Originally Posted by Wanabee Kiwi 
for those who want a PDF copy of the article, PM Me your email address. I just convinced my old man to go and scan the articles for me 


PM sent


----------



## Drifter Steve (Dec 11, 2006)

Wanabee Kiwi said:


> for those who want a PDF copy of the article, PM Me your email address. I just convinced my old man to go and scan the articles for me :smokin:


pm sent opcorn:


----------



## MahdiTKD (Nov 5, 2007)

Wanabee Kiwi said:


> for those who want a PDF copy of the article, PM Me your email address. I just convinced my old man to go and scan the articles for me :smokin:


PM Sent


----------



## bonzelite (May 14, 2006)

To even get such press, on a cover story of Top Gear, with Nissan's GT-R posed against a Scuderia, is a gigantic thumbs up --even if the R35 loses. 

And if the R35 is on par, the whole power/weight ratio issue will be forever dead and will silence the many still clinging to hope that the GT-R falters. 

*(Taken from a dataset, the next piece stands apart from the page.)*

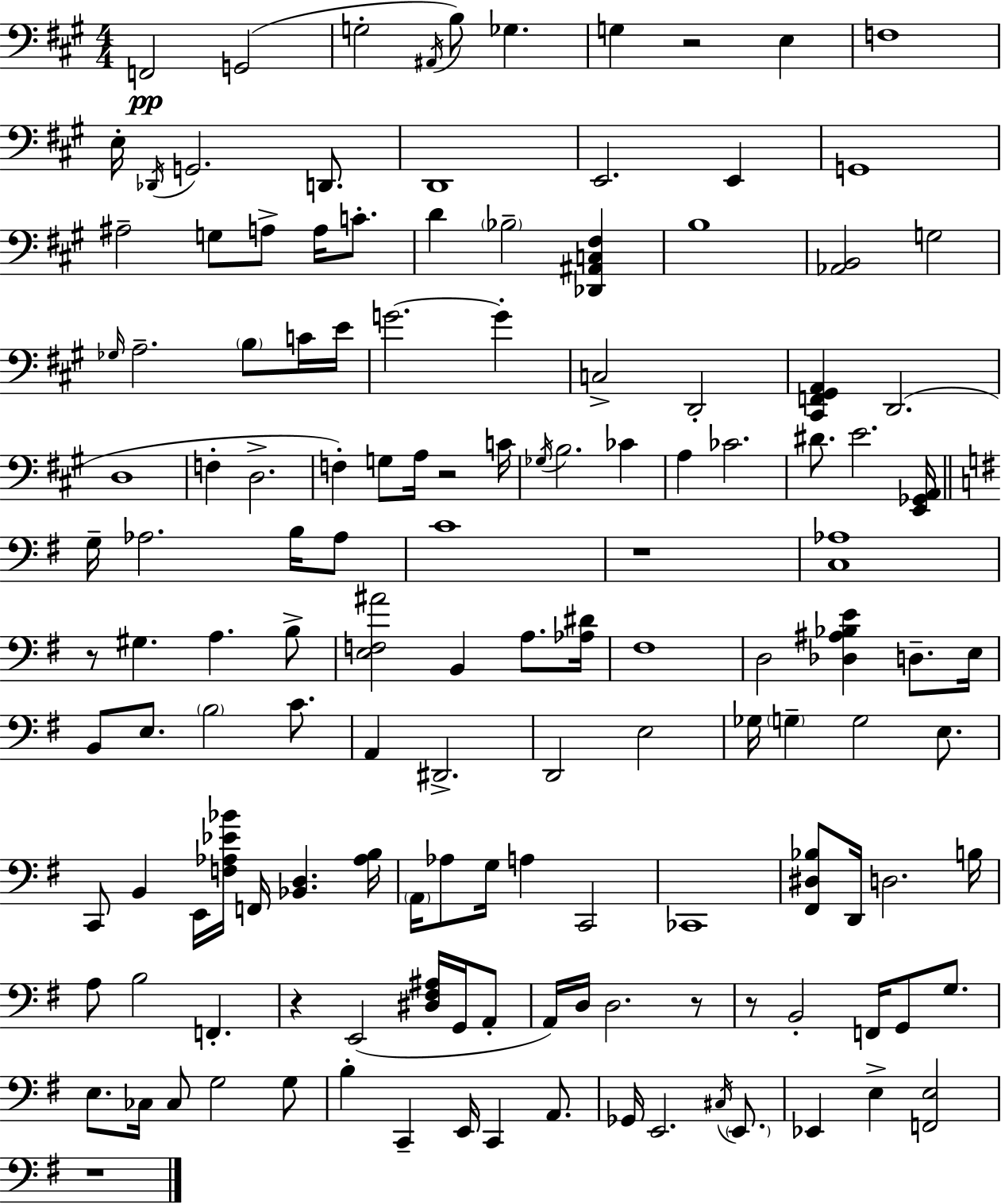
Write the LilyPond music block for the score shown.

This ought to be good no matter the outcome. It's Nissan's time to shine --it wins even if it loses.


----------



## Adey (May 14, 2007)

YouTube - gtboard.com video 2: Kelleners BMW M6 vs Toyota Supra 650 HP


----------



## bonzelite (May 14, 2006)

Wanabee Kiwi said:


> for those who want a PDF copy of the article, PM Me your email address. I just convinced my old man to go and scan the articles for me :smokin:


PM sent


----------



## Zakira (May 5, 2007)

They're two different articles, Bonze, within the same magazine. Only the cover is misleading.


----------



## bonzelite (May 14, 2006)

Zakira said:


> They're two different articles, Bonze, within the same magazine. Only the cover is misleading.


right, i've gathered that now. very disappointing and false. 

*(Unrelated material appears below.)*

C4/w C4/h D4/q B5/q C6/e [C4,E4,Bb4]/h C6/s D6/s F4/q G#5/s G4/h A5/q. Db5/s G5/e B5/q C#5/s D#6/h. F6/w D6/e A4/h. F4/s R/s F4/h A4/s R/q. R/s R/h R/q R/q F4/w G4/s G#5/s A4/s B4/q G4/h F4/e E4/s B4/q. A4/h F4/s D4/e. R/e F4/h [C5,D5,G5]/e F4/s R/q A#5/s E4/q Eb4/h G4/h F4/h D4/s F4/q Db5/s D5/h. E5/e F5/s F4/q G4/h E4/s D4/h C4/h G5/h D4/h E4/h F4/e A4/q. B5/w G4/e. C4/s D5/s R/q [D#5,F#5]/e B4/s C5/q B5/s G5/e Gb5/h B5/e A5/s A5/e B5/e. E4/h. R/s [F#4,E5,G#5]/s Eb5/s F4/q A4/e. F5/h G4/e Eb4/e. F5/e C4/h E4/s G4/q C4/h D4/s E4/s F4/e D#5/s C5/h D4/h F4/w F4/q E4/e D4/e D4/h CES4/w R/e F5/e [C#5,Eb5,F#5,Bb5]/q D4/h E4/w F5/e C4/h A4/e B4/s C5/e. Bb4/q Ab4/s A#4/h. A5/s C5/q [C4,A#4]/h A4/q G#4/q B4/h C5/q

I want a copy of the article to see how Top Gear compared it to the 997. I guess they wanted to sell the cover, then, putting a Ferrrai on there next to a GT-R. 

is the Ferrari in any way compared to the GT-R inside the magazine? If not, then what is the point of the cover?


----------



## DanDud (Nov 12, 2003)

Either way, they said the GTR although ever so slightly slower than the porsche on the straights, totally abliterates it round the twisties! They said it was simply awesome!


----------



## RedBeauty84ZX (Jun 27, 2007)

DanDud said:


> Either way, they said the GTR although ever so slightly slower than the porsche on the straights, totally abliterates it round the twisties! They said it was simply awesome!

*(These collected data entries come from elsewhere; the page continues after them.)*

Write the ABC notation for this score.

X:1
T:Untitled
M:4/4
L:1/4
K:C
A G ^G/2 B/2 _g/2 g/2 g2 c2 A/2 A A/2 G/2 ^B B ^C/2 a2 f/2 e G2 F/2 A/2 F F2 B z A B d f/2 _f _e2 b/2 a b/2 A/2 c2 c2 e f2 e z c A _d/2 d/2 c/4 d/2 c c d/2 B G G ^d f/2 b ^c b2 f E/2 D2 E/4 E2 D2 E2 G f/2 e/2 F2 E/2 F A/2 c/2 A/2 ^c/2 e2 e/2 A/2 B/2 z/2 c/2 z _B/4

Do you have the article??? Please scan.


----------



## DanDud (Nov 12, 2003)

RedBeauty84ZX said:


> Do you have the article??? Please scan.


I went out and bought the mag then, just nipped down to the local co op but unfortunatly dont have a scanner


----------



## RedBeauty84ZX (Jun 27, 2007)

DanDud said:


> I went out and bought the mag then, just nipped down to the local co op but unfortunatly dont have a scanner


Do they have any peformance #s? Lap times? Anything??? Most of us are eager to here what the article has to say...fill free to post what ever opcorn:


----------



## Chuck_H (Jul 28, 2006)

Did they perform any instrumented tests or just driving impressions?


----------



## DanDud (Nov 12, 2003)

RedBeauty84ZX said:


> Do they have any peformance #s? Lap times? Anything??? Most of us are eager to here what the article has to say...fill free to post what ever opcorn:


They say and i quote:

"A bellow from the engine, a rush of revs, a gigantic accelerative force on my neck, bang the GT-R into fourth. A killing gear if ever there was one."

"Were in R (mode) now, and weve hit 100mph in about 10 heartbeats. No official performance figure exists for that increment, but expect an 8 second 0-100ph time. Its fast, alrite - 60mph comes up in 3.5 seconds, the standing quarter in 11.7 seconds and it goes onto 197mph."

"The GT-R is all aggression on the outside. To my eye, it is a phenomal-looking machine, distinct from everything else. Very japanese and very hard."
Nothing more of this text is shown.